Um blogue escrito por três pares de mãos separados por águas atlânticas. Uma viagem com escalas no Rio de Janeiro, em Londres e Senhora da Hora.
segunda-feira, novembro 17, 2003
De olhos bem fechados
Por vezes tenho a sensação de ver os filmes de olhos bem fechados. Apreciei "Kill Bill", como já aqui escrevi. Depois li que o Carlos Vaz Marques achou o filme "oco", sem substância. Valorizo profundamente o trabalho de CVM e, portanto, se calhar o problema é meu.
Hoje aconteceu o mesmo com "Dogville". Chamaram-me atenção para o texto de Augusto M. Seabra nas páginas do Publico, divulgado no passado dia 10 de Outubro. Bem, a sua coluna "Inclinacões" simplesmente arrasa com von Trier. Diz que o cara não fez rigorasamente nada que prestasse (excepto "Ondas de Paixão"). E acusa esta última obra de ser "um programa ético sobre a miséria humana", uma "teologia de pacotilha", "um antiamericanismo cultural". Enfim, eu não reparei em nada disso quando vi o filme. Mais uma vez, o problema dever ser meu.
No meu modesto ponto de vista, von Trier causa uma estranheza no seu "Dogville" - a aldeia marcada a giz no chão - para depois conduzir o seu espectador à sua própria condição humana. Queremos vingar Nicole Kidman todo o tempo, mas, por outro lado, sabemos perfeitamente que é dessa maldade que somos feitos. "Dogville" fala também de como acolhemos o estranho que chega à nossa aldeia, de como sugamos dele tudo aquilo que podemos e como o tememos ou o dispensamos quando nos convém.
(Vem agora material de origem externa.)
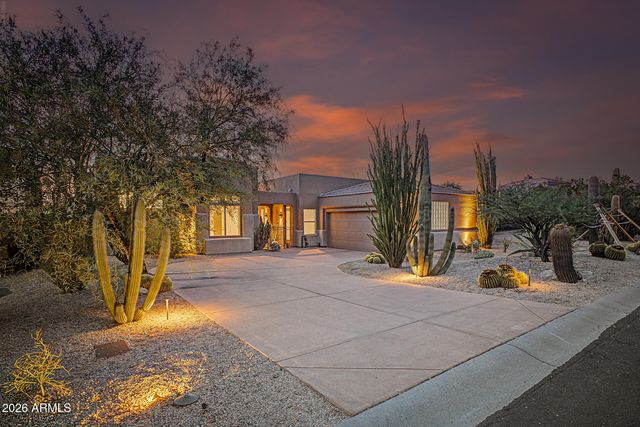 11156 E DALE Lane, Scottsdale, AZ 85262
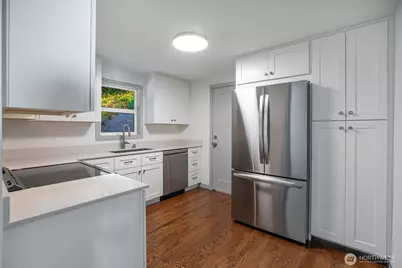 4602 SW Cloverdale Street, Seattle, WA 98136 - Photo 3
Não é assim quando falamos de imigração? Não é isso que criticamos em Bush e na sua politiquinha western "dead-or-alive"?
Vasco Câmara escreveu no Y que "Dogville" é "um tratado filosófico, pessimista, sobre a bestialidade humana, quando os homens estão isolados do mundo e vivem segundo as suas próprias leis, como se fossem deuses de uma moral que inventaram". Ora, mas não é exactamente isso que criticamos na administração Bush? Eu também nunca pus os pés nos EUA e penso isso mesmo sobre este Governo (e não sobre o povo americano, o que seria uma generalização burra).
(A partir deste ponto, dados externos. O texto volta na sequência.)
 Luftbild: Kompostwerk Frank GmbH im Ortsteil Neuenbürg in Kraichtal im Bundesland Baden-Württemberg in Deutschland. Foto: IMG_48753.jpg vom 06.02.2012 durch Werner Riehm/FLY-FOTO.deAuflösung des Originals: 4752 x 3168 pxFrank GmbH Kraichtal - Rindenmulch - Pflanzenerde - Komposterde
A crítica antiamericana, contudo, é o que menos me interessa em "Dogville". Despertou mais os meus sentidos aquilo que se prende com a crueldade humana. E com a capacidade criativa do realizador. O que von Trier fez ao gizar uma aldeia nas Montanhas Rochosas, nos anos 30, foi imaginar uma história num lugar. Não é o que todos fazem? Quando falamos de arte cinematográfica não nos reportamos para o pacto da representação? Pois bem, ao saber que von Trier treme só pensar em entrar num avião e que, por isso mesmo, nunca foi à terra do Tio Sam, eu fiquei ainda mais contente!
Isso quer dizer que "Dogville" nasce de uma imagem mental, por vezes contaminada por estereótipos ou pela inexperiência do lugar, é certo, mas obviamente liberta do passo irreversível que é o conhecimento. Pois é sabido que não se pode "des-saber" algo que já se conhece, não se pode anular um acontecimento já transcorrido. Nunca ter estado nos EUA permite um sem número de possibilidades de representação desse mesmo país e, por outro lado, não reduz o criador à angústia de estar a ser influenciado pela parte que conheceu de um todo.
Lars von Trier encerra em "Dogville" uma imagem própria, parcial dos EUA - é a primeira fita de uma trilogia - que, na minha opinião, é tão legítima como tantos outros retratos que já se fizeram sobre os Estados Unidos, tanto no cinema como na literatura.